Of course, there is always the 15 per cent who seem able to juggle all the balls at once – keeping their families content, investing in an auto shop, an Internet café or new techniques and tools for the farm, but this minority can give a misleading impression of the impact of migration on the home society. Likewise, governments and employers in receiving countries tend to look at immigration in a lopsided way. For them it is a short cut – to keeping wages down, to filling jobs that locals would rather be unemployed than do: Working night shifts, dangerous jobs on building sites or filling the shortfalls in seasonal labour on the farms. Not least, it helps keep inflation down.
It is the easy way out. Job retraining on a massive scale, persuading companies to initiate work methods that attract native workers, and raising the retirement age so that the older but often still very physically and mentally fit members of society can continue to be contributing workers seem to be problems that the more developed economies of the world have difficulty in initiating.
Receiving countries have long taken a simplistic view of the long-term costs of immigration. The benefits are obvious – first-generation immigrants are young and vigorous, are prepared to work long hours at unpleasant jobs, do pay taxes and draw less on social funds and health services.
Their crime and unemployment rates are low and they dream of retiring back home. But governments have ignored for too long the costs – in particular the attitude of the sons and daughters of immigrants. After poor education they have adopted the attitudes of their local working-class peers. They are not going to do the base work their parents were prepared to do. They would rather be unemployed than sink so low.
On balance this can be a negative contribution to society – taking out more of the social, educational and health services than they put in. Governments faced with uncompetitive industries have heaved a sigh of relief that immigrants can keep the show on the road.
In the UK in the 1960s it was easier to allow the cotton and wool mills of northern England to import workers from remote Pakistani villages to work long hours and night shifts than allow the industry to go bust. But go bust it eventually did, in the face of overwhelming competition from Third World producers and a reduction in trade barriers. The legacy is a bitter second generation who feel betrayed by their parents and the government.
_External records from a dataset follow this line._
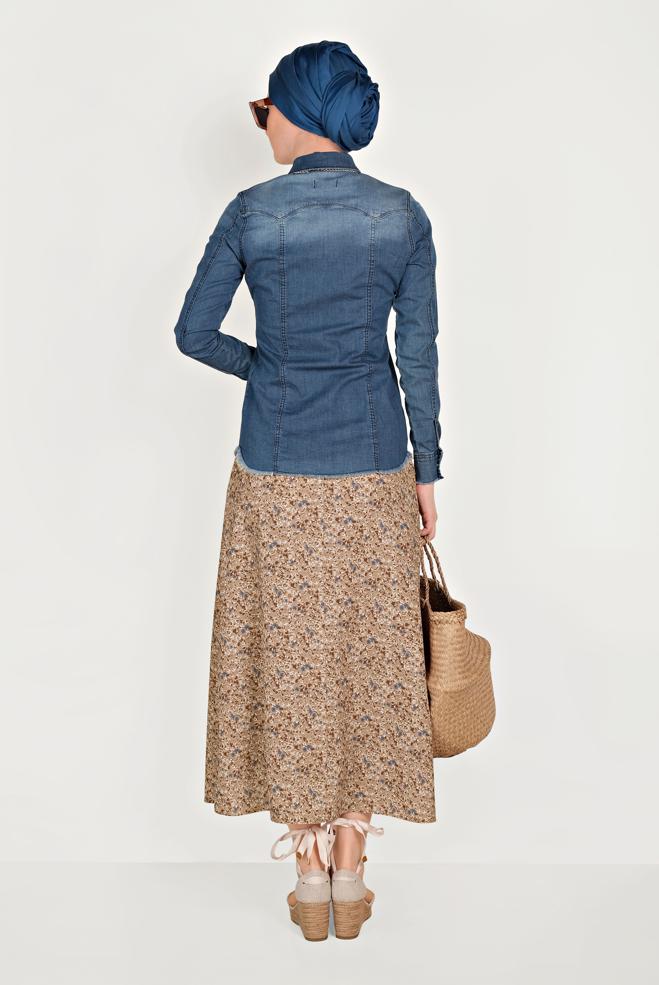 Hijab clothing BLUE  Snap Front Denim Blouse 4956 - ALVİNA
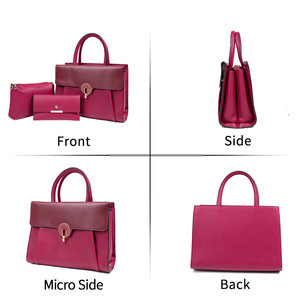Của phụ nữ giản dị Tote Vai Túi Satchel Hobo <span class=keywords><strong>3</strong></span>-Piece Purse Set PU da móc & vòng lặp đóng cửa - Product Image 2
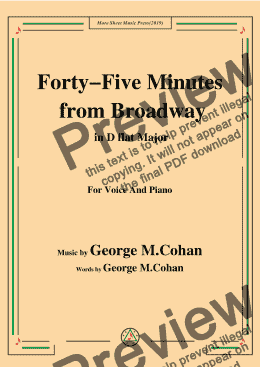 page one of George M. Cohan-Forty-Five Minutes from Broadway,in D flat Major,for Voice&Pno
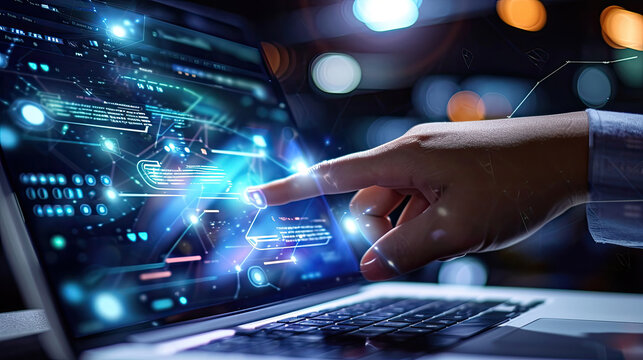 Virtual Interface Wallpaper and Background for Professional Presentation, great for  Annual Reports, PowerPoint Slides, Technology, Futuristic Environments, ideas Artificial Intelligence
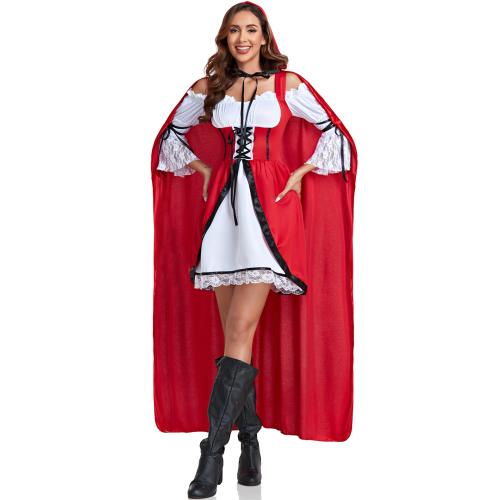 Polyester Women Little Red Riding Hood Costume Cape & dress Solid red Set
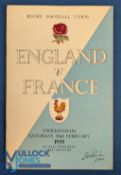 1955 England v France Rugby Programme: Another in the run of diagonal two-tone coloured covers in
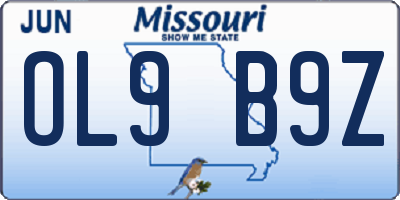 MO license plate OL9B9Z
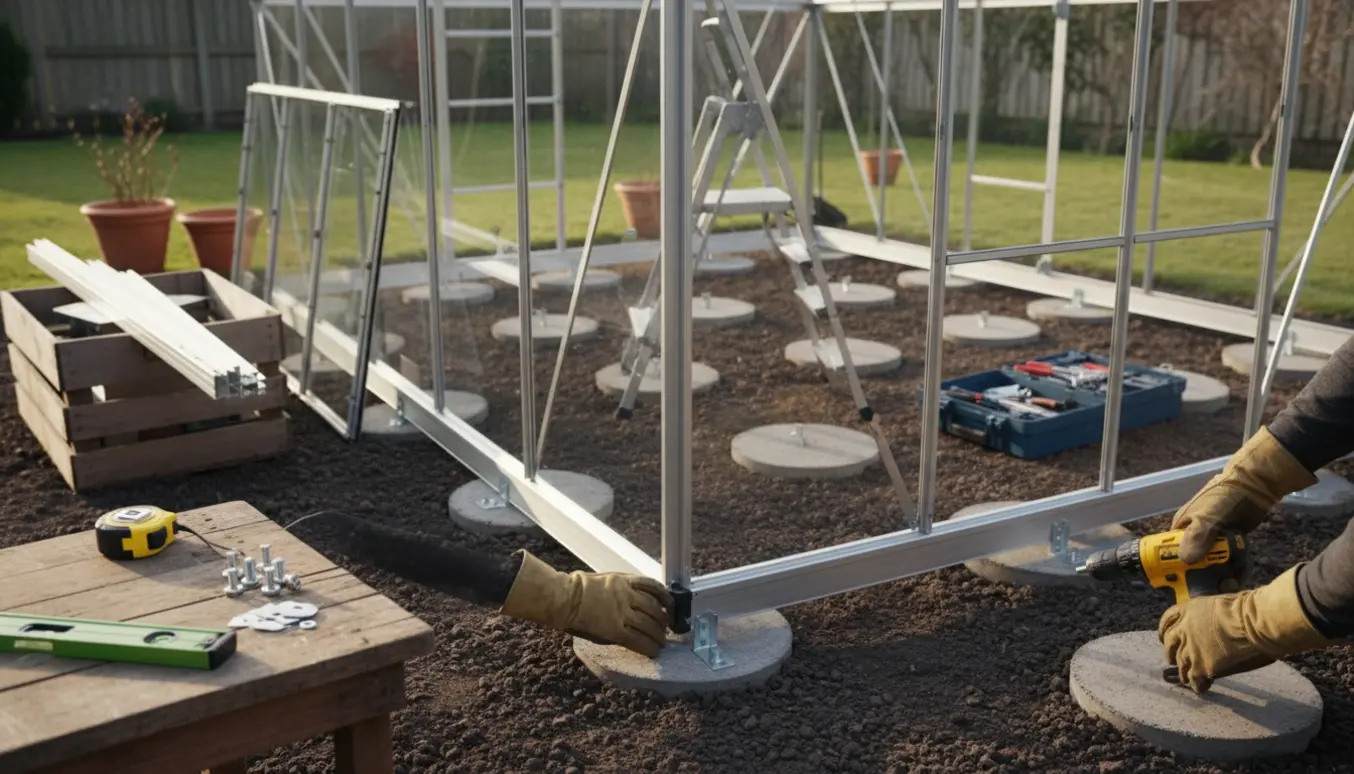 Delvist opbygget Juliana‑drivhus monteres på punktfundament i en ryddet have med værktøj i forgrunden.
Did Western governments think for two minutes what the build-up of large flows of migrants was having on their own population? Rarely. Right-of-centre politicians thought of the economic benefits. Left-of-centre politicians thought of the value of diversity, emphasising the cause of non-discrimination and conflating in their minds the real needs of refugees (who deservedly need a refuge, albeit one that should be only temporary) with those who were just economic migrants.
But the local working class who rub their shoulders with the immigrants became tired of taking the brunt of policies imposed by the elites. Hence the rise of right-wing political parties in Europe.
There’s the answer – economic development in the sending countries and retraining, increasing motivation and upping the retirement age in the receiving countries.